++++ Provided data
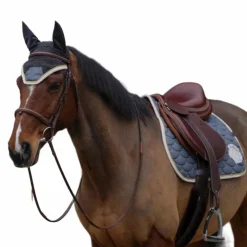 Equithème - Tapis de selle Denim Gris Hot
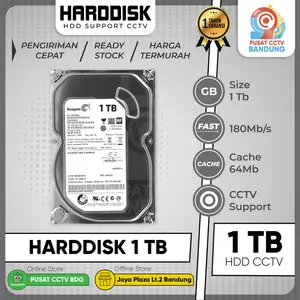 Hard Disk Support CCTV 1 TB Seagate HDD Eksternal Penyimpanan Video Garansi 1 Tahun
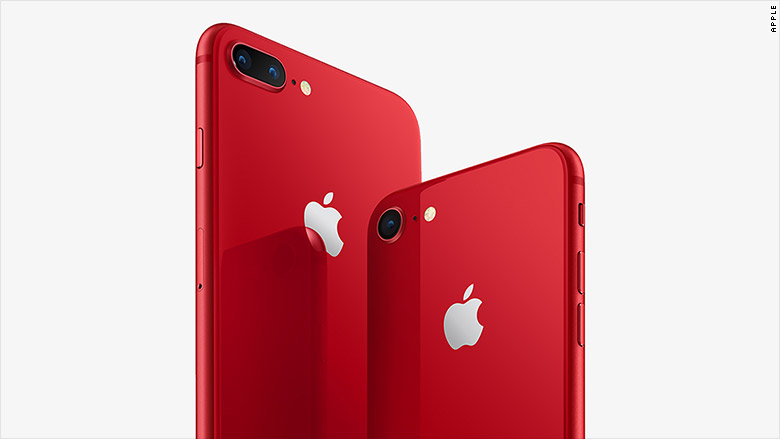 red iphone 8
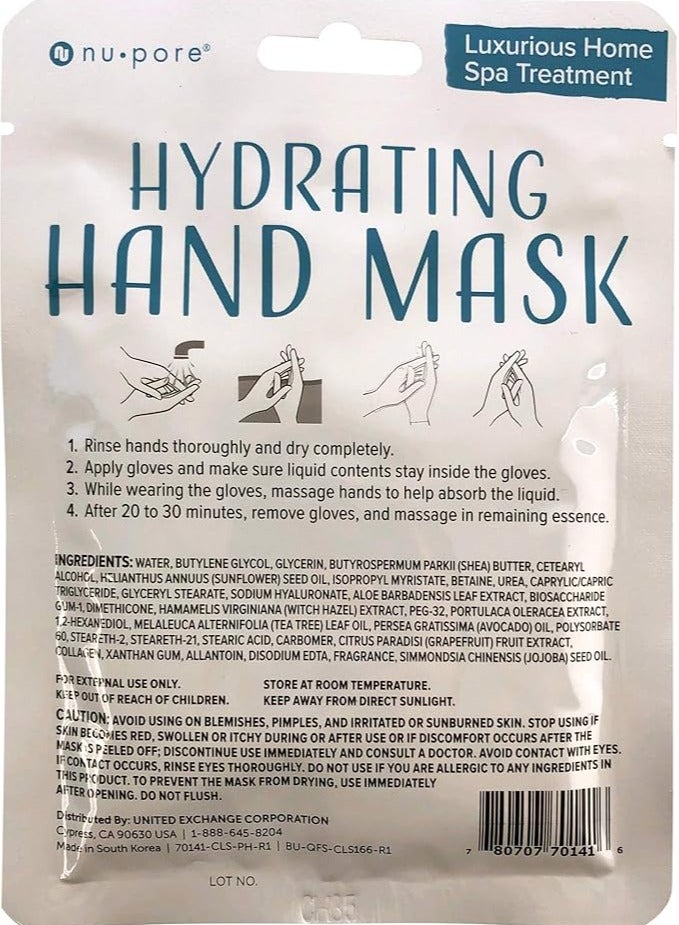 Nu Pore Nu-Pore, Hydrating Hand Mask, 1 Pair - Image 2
++++++++
++++ Provided data
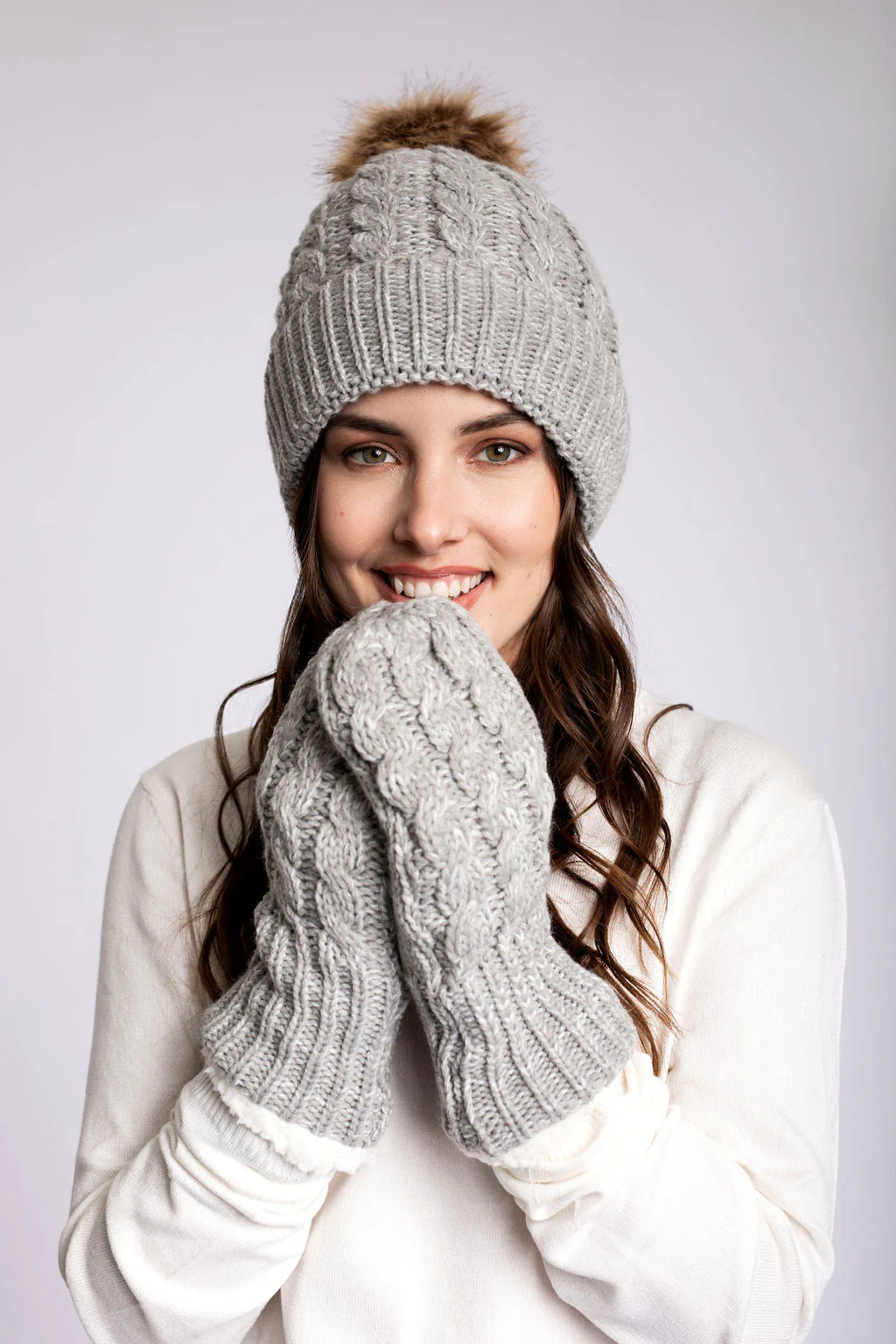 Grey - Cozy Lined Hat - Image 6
++++++++
++++ Provided data
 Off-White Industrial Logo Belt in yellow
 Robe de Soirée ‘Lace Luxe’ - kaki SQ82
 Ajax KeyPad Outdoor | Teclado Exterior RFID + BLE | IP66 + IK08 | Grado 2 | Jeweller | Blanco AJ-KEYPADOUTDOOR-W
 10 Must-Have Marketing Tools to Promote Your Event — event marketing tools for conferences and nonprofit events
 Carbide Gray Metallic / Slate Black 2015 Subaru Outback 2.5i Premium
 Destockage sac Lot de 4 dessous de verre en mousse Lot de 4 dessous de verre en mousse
++++++++
-- Problem to work on --
Of the lines above, retype only those from the line containing "Robe de Soirée ‘Lace Luxe’ - kaki SQ82" through the line containing "Destockage sac Lot", including both, exactly.

-- Reply to the exercise --
 Robe de Soirée ‘Lace Luxe’ - kaki SQ82
 Ajax KeyPad Outdoor | Teclado Exterior RFID + BLE | IP66 + IK08 | Grado 2 | Jeweller | Blanco AJ-KEYPADOUTDOOR-W
 10 Must-Have Marketing Tools to Promote Your Event — event marketing tools for conferences and nonprofit events
 Carbide Gray Metallic / Slate Black 2015 Subaru Outback 2.5i Premium
 Destockage sac Lot de 4 dessous de verre en mousse Lot de 4 dessous de verre en mousse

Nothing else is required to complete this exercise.